Financial Reporting Fraud Detection: An Analysis of Data Mining Algorithms

Document Type: Original Article


1 Ph.D. Candidate in Accounting, Department of Accounting, Damavand branch, Islamic Azad University, Damavand, Iran

2 Assistant Professor of Accounting, Department of Accounting, Damavand branch, Islamic Azad University, Damavand, Iran (Corresponding Author)

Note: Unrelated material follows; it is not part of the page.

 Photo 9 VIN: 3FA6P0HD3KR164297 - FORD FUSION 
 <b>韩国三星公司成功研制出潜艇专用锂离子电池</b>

3 Assistant Professor of Accounting, Department of Accounting, Damavand branch, Islamic Azad University, Damavand, Iran

4 Assistant Professor of Accounting, Department of Accounting, Qazvin branch, Islamic Azad University, Qazvin, Iran


In the last decade, high profile financial frauds committed by large companies in both developed and developing countries were discovered and reported. This study compares the performance of five popular statistical and machine learning models in detecting financial statement fraud. The research objects are companies which experienced both fraudulent and non-fraudulent financial statements between the years 2011 and 2016. The results show, that artificial neural network perform well relative to a Bayesian network, Discriminant Analysis, logistic regression and Support vector machine. The results also reveal some diversity in predictors used across the classification algorithms. Out of 19 predictors examined, only nine are consistently selected and used by different classification algorithms: Employee Productivity, Accounts Receivable to Sales, Debt-to-Equity, Inventory to Sales, Sales to Total Assets, Return On Equity, Return on Sales, Liabilities to Interest Expenses, and Assets to Liabilities. These findings extend financial statement fraud research and can be used by practitioners and regulators to improve fraud risk models.